Diese Frage umfasst mehrere Facetten. Erst einmal bin ich der Meinung, man solle Tiertötung nicht mit Tierquälerei in einen Topf werfen. Denn leid- und stressfreies Töten ist kein Ding der Unmöglichkeit sondern lediglich eine Frage von Sorgfalt. Und ja, mir ist bewusst, wie herzlos das gerade klingt. Mich erschreckt es bei dieser Formulierung selbst ein wenig. Ist aber nicht so gemeint. ^^

Ob Tiere für den Fleischverzehr nicht sterben dürfen, ist für mich aber eine ganz andere Diskussionsgrundlage. Denn Leid ist kein Naturgesetz. Töten um zu (über)leben aber schon. Diese Fragestellung wirft dadurch eine Kette von weiteren Fragen auf, die mit menschengemachter Tierquälerei in keinerlei Verbindung stehen und nur sinnvoll diskutiert werden können, wenn man Emotionalitäten und Idealismus mal beiseite schiebt.

Ein paar Beispiele:
- Welche Stellung hat der Mensch in der Natur als bewusstes Wesen?

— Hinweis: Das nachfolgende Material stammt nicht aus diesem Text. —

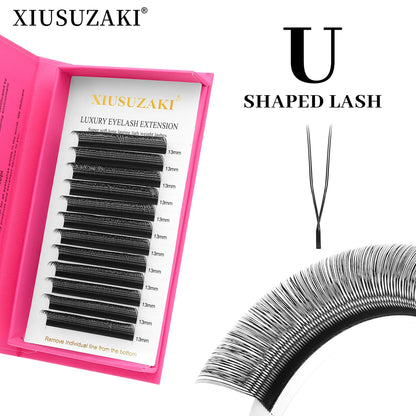 XIUSUZAKI U Shaped YY Eyelashes Extensions Matte Black Natural Double Tips U Shape 2D YY Lashes Premade Fans Volume False Lashes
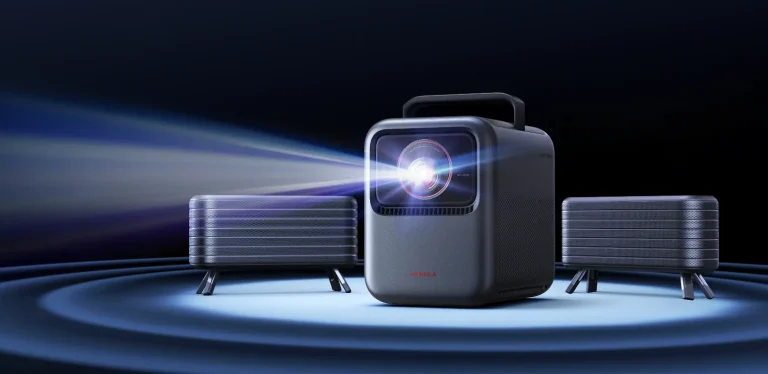 Anker Nebula X1 4K Laser Projector front view with lens and minimal design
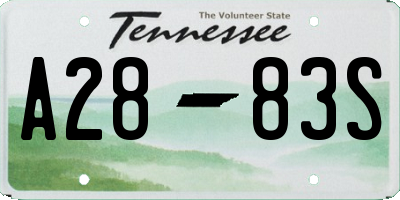 TN license plate A2883S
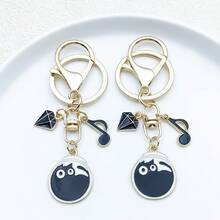 1pc Alloy Enamel Black Cat Note Keychain Cute Creative Keychain Suitable For Giving Gifts To Friends - one-size - View 9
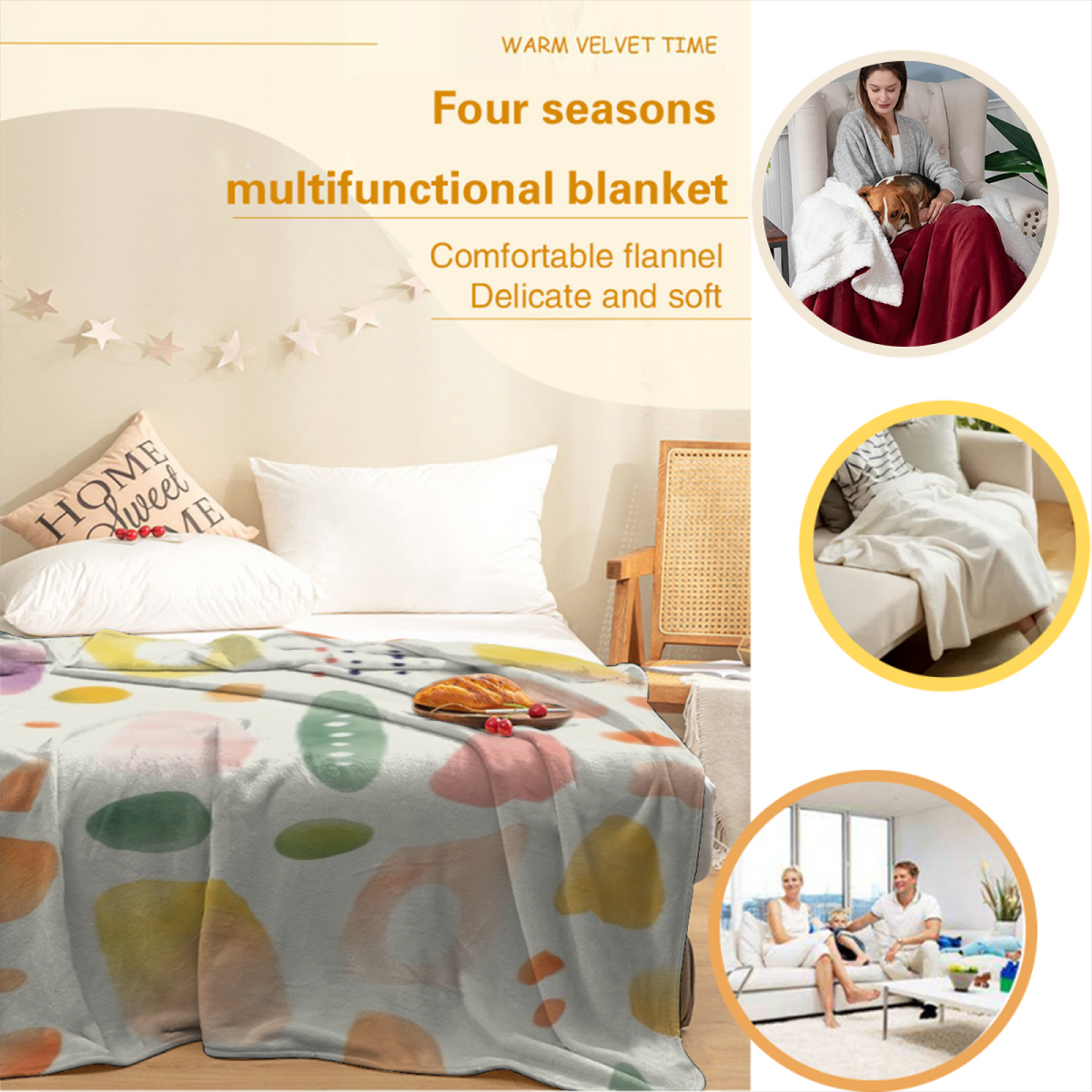 Sunwashed Fern Inspired Flannel Sofa Throw ¨C Earthy Neutral Palette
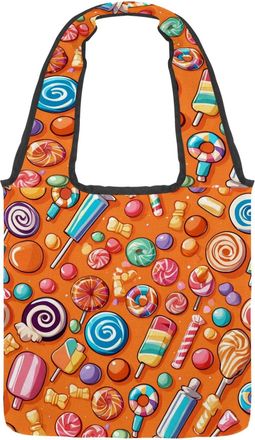 Generic Orange Candy Pattern Reversible Canvas Shoulder Tote - Double-Sided Print, 12oz Cotton, 27cm Drop, Fold-Flat Bag for Travel, Shopping, Street Outings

- Warum darf man Pflanzen töten aber Tiere nicht? Weil wir glauben sie würden nichts fühlen oder denken können?
Das sie empfinden und kommunizieren können steht mittlerweile außer Frage und ist auch offensichtlich.

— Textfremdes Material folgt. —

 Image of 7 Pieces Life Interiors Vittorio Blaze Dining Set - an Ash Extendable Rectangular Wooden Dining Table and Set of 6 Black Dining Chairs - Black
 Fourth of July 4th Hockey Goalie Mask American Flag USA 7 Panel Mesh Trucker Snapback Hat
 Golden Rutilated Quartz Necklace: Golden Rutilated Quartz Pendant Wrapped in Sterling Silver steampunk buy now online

- Wie kann man es bewerten dass, Tiere Tiere töten um zu überleben?

- Inwieweit spielt das Faktum Überleben überhaupt eine Rolle? Denn es gibt viele Tiere die auch aus Spaß töten. Delfine und Katzen zum Beispiel. Und das tun sie auf teils grausamste Weise.

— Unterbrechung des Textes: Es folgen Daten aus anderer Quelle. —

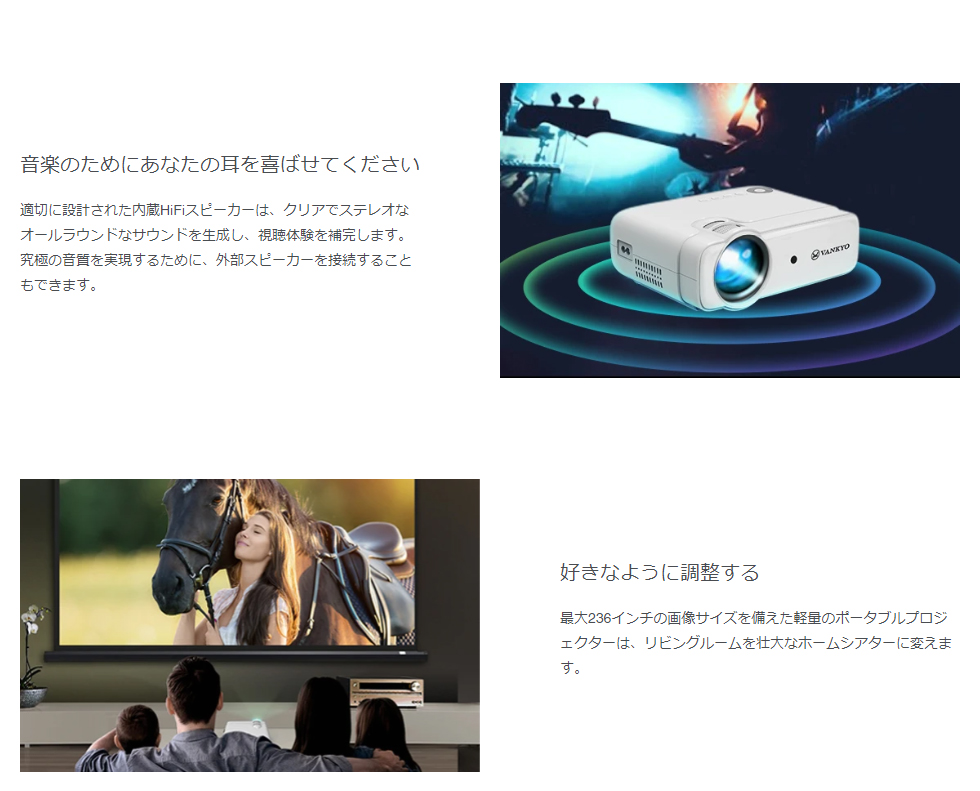 VAN KYO Leisure 430 mini projektor do kina domowego, obsługa 1080p Full HD  z 60 000 godzin LED, kompatybilny z TV Stick, HDMI, SD, AV, VGA, USB, PS4,  X-Box, iOS/Android : Amazon.pl:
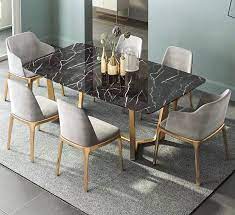 Stainless steel dining room set home furniture minimalist modern marble dining table and 6 chairs mesa de jantar muebles comedor. Black Marble Dining Set Off 58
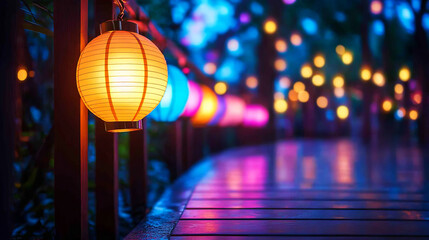 Illuminated Lanterns Reflecting in the Night Along a Wooden Pathway Surrounded by Nature's Beauty and Soft Bokeh Lights for Tranquil Settings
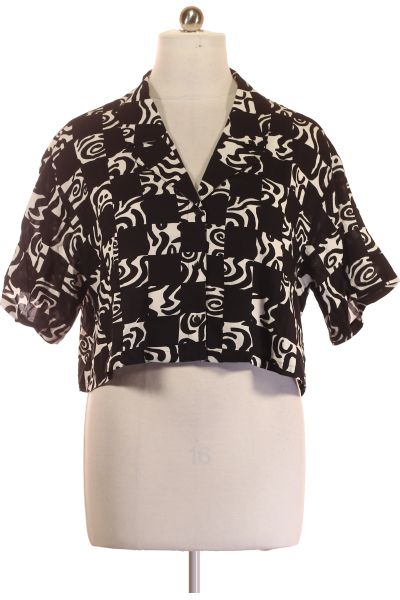 černobílá Vzorovaná Dámská Košile s Krátkým Rukávem Vel. XL | Outlet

Was ich damit ausdrücken will: Philosophisch bewegt man sich hier in einem Terrain, dass mit einem naturnahen Leben fast nichts mehr zutun hat, weil sich Lebewesen solche Fragen vermutlich garnicht stellen. Insofern ist es äußerst schwierig hier ein richtig oder falsch auszuhandeln. Diese Fragen muss jeder für sich selbst beantworten oder sie vielleicht einfach mal offen und unbeantwortet lassen. Wäre ja auch eine Option.

Nachdem diese Problematik ausreichend erläutert wurde, wird dann noch oft die Frage hinterher geschoben, ob man Haustiere auch töten würde? Vermutlich würde man das nicht. Aber das hat auch seine Berechtigung. Denn durch die Entscheidung des sozialen Zusammenlebens mit diesem Tier baut man eine emotionale Beziehung zu ihm auf und es entwickelt sich eine größere Empathie. Das kann natürlich auch mit Nutztieren passieren. Aber das muss nicht jedem Menschen so ergehen. Jeder Mensch hat ein individuelles Empathievermögen. Daher halte ich dieses Argument eigentlich für verfehlt.